The chapter written in August is the most personal, detailing the roads of his youth around the ranch in Archer City where he grew up. In this chapter, we see what it was like to be a child growing up in rural Archer County, unnamed dirt roads as the main thoroughfares. He speaks matter-of-factly on the change from transportation as a half day adventure via horseback to the feeling of entitlement we experience today getting on a jet and traveling halfway around the country in 2 hours. This chapter is a personal examination, not just of his youth but of the changes that have occurred in transportation. He has written a book around the premise of driving 700 miles a day, seeing many things superficially. His father lived or worked on this ranch his whole life and saw one thing, the country, deeply and with meaning. Transportation is much the same. We hustle and bustle to get somewhere and then continue the hustle and bustle once we get there, never stopping to drink in what surrounds us. As he ages, McMurtry is beginning to see those changes clearly and with some nostalgia.
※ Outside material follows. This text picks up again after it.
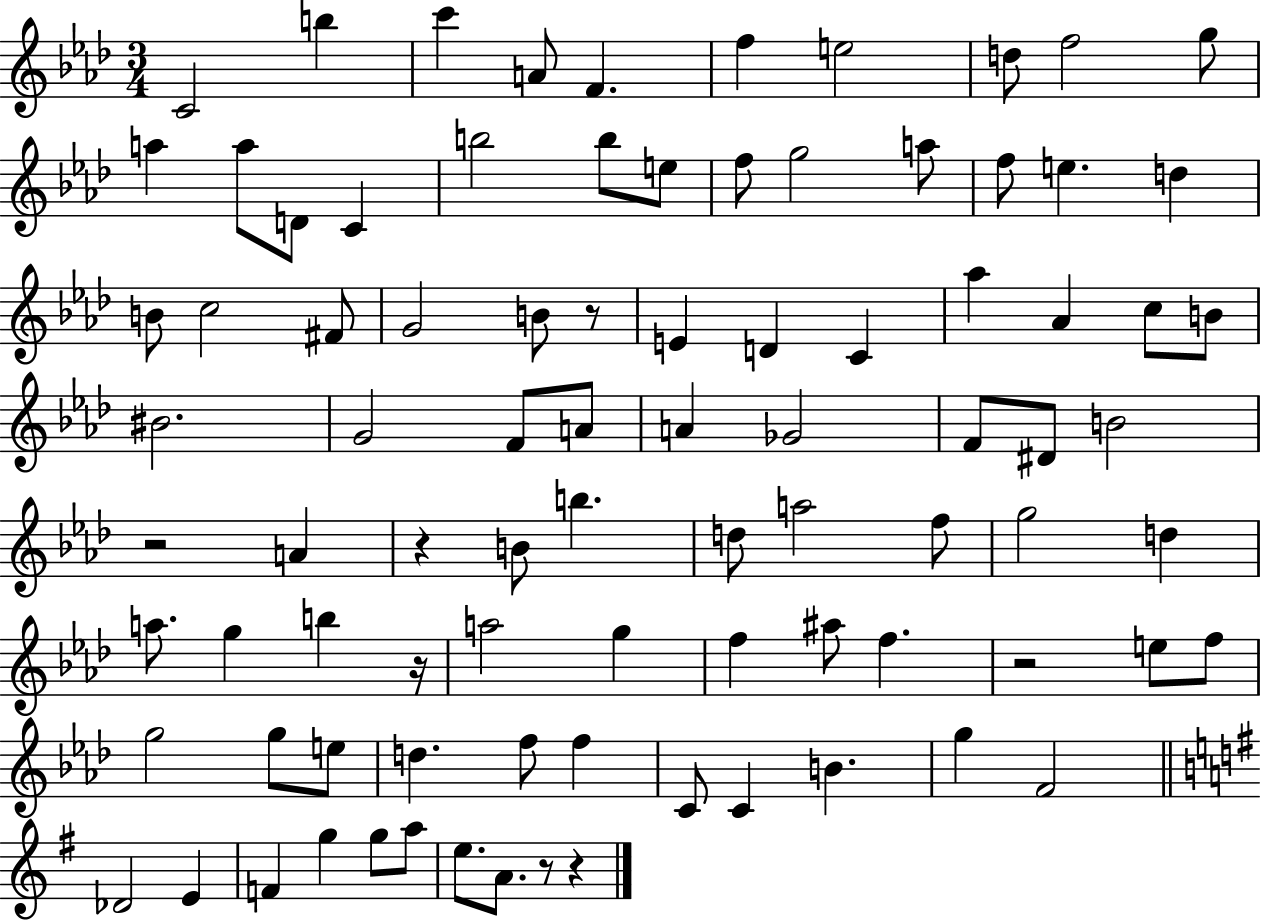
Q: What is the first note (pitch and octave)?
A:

The final chapter goes from Seattle to Omaha and is one of the best. It’s a road that he hasn’t driven before. Most of his trips seem to end up gravitating back towards the plains. In that sense, this one is no different. Along the way, he finds the perfect road for those of us who love and appreciate the openness and stark beauty of the plans. His writing grows more introspective in this chapter and because the most of the book has lacked that, this chapter has a power to it that is fascinating.

This is a story of the major highways in America as they relate to McMurtry, the literature of the states and an examination of the meaning of those roads. If you appreciate a road trip, I think you’ll like this book.